_Recorded information_

━━━

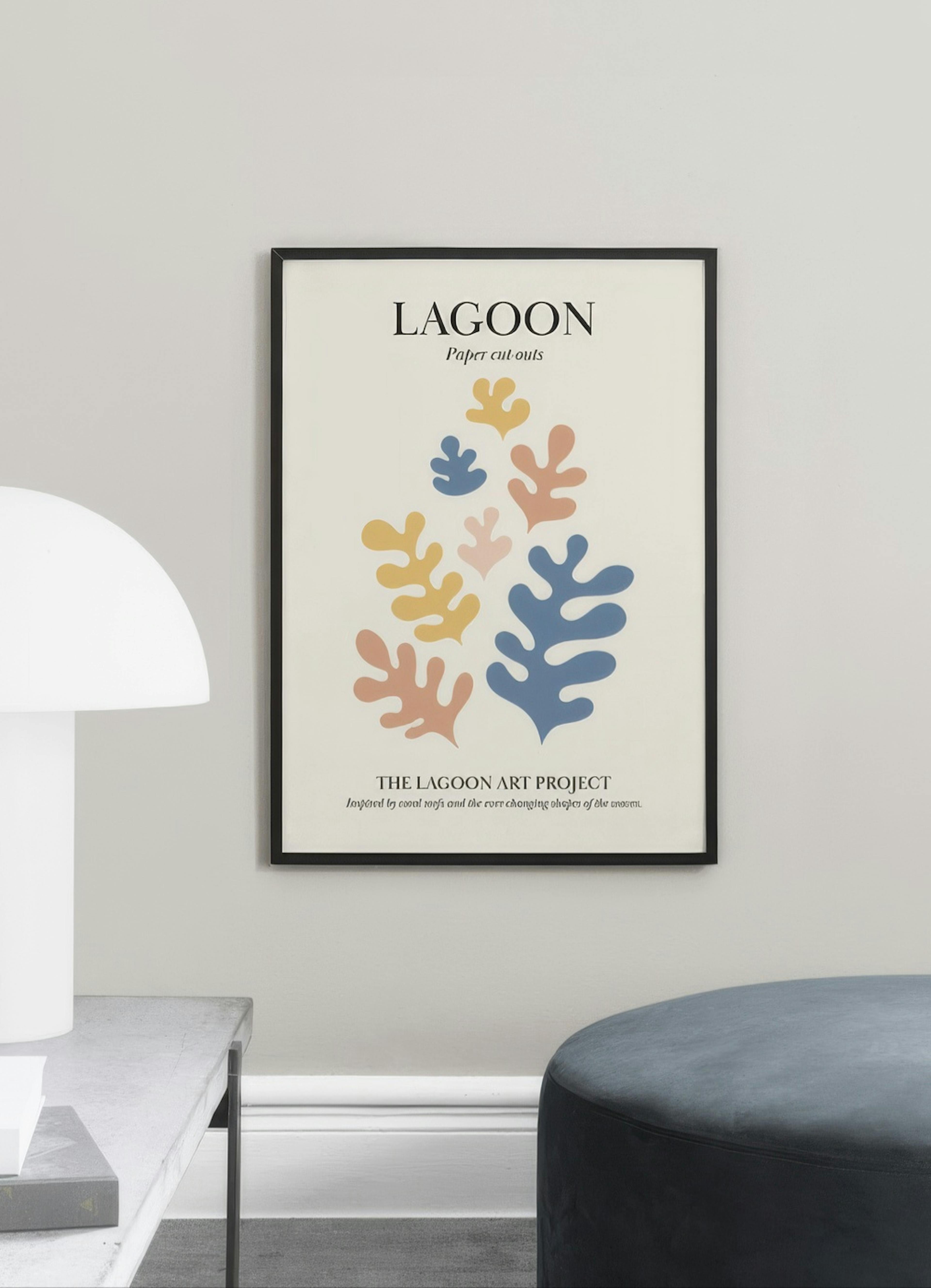 Lagoon No2 Print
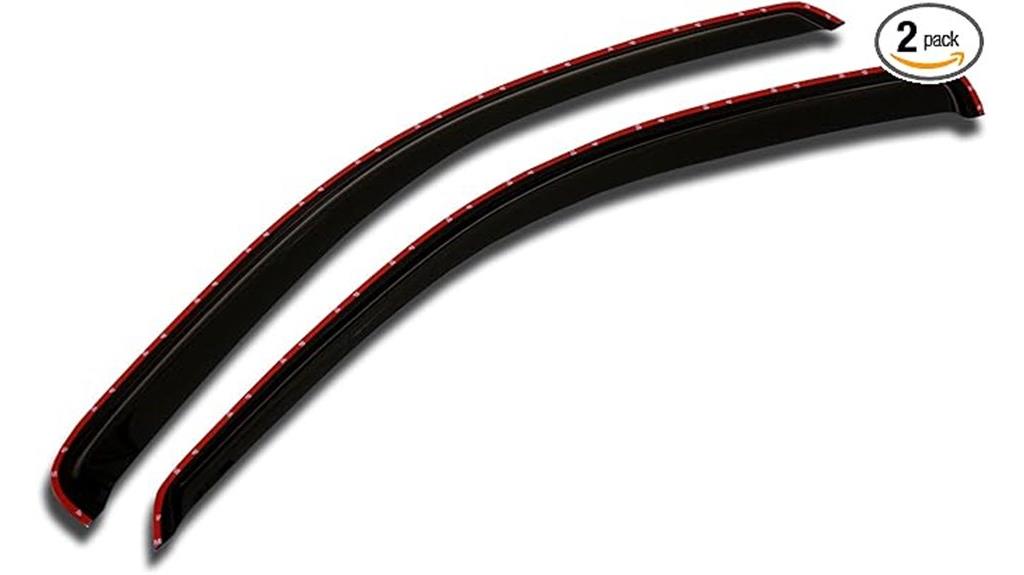 ford transit rain guards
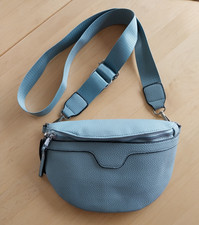 Cross Bodybag Umhänge Tasche Hellblau neu unbenutzt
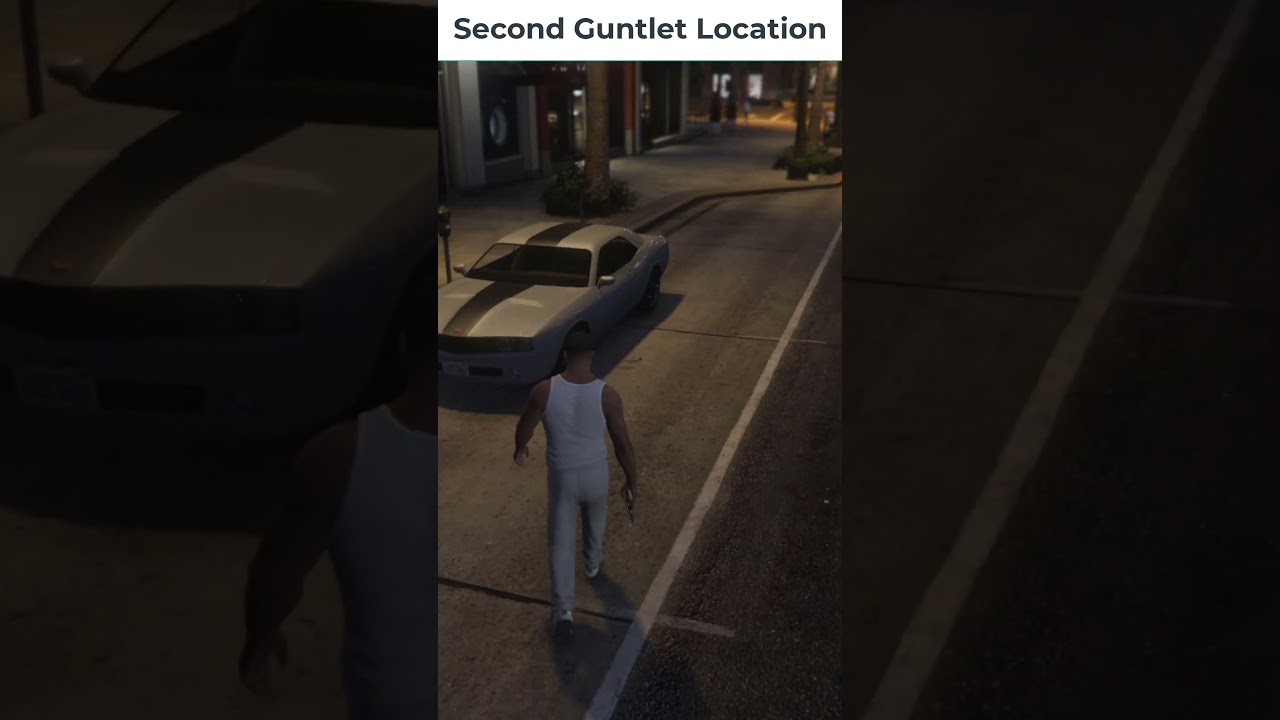 GTA5 Three Gauntlet Locations | GTA5 Gauntlet (1 To 3) Mission No.65 PC Gameplay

━━━

_Exercise_
Only the pictures should be left out; the rest of the material above must be repeated exactly.

_Answer below_
 Lagoon No2 Print
 ford transit rain guards
 Cross Bodybag Umhänge Tasche Hellblau neu unbenutzt
 GTA5 Three Gauntlet Locations | GTA5 Gauntlet (1 To 3) Mission No.65 PC Gameplay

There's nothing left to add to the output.